THE TASK:
Copy every record below, exactly as written.

(Extracted records)

------------------------------------------------------------------------

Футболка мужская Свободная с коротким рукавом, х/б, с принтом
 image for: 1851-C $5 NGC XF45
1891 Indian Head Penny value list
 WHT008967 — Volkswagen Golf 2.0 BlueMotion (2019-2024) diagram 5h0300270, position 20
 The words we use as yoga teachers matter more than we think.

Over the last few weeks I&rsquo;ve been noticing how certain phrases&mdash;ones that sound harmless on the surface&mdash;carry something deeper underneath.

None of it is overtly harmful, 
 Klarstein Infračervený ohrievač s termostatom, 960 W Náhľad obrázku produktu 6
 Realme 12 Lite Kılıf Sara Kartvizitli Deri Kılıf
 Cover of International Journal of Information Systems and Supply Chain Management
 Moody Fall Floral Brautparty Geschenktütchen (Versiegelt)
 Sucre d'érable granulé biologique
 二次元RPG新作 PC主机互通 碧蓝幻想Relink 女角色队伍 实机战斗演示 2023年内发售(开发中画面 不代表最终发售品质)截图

------------------------------------------------------------------------

TASK ANSWER:
Футболка мужская Свободная с коротким рукавом, х/б, с принтом
 image for: 1851-C $5 NGC XF45
1891 Indian Head Penny value list
 WHT008967 — Volkswagen Golf 2.0 BlueMotion (2019-2024) diagram 5h0300270, position 20
 The words we use as yoga teachers matter more than we think.

Over the last few weeks I&rsquo;ve been noticing how certain phrases&mdash;ones that sound harmless on the surface&mdash;carry something deeper underneath.

None of it is overtly harmful, 
 Klarstein Infračervený ohrievač s termostatom, 960 W Náhľad obrázku produktu 6
 Realme 12 Lite Kılıf Sara Kartvizitli Deri Kılıf
 Cover of International Journal of Information Systems and Supply Chain Management
 Moody Fall Floral Brautparty Geschenktütchen (Versiegelt)
 Sucre d'érable granulé biologique
 二次元RPG新作 PC主机互通 碧蓝幻想Relink 女角色队伍 实机战斗演示 2023年内发售(开发中画面 不代表最终发售品质)截图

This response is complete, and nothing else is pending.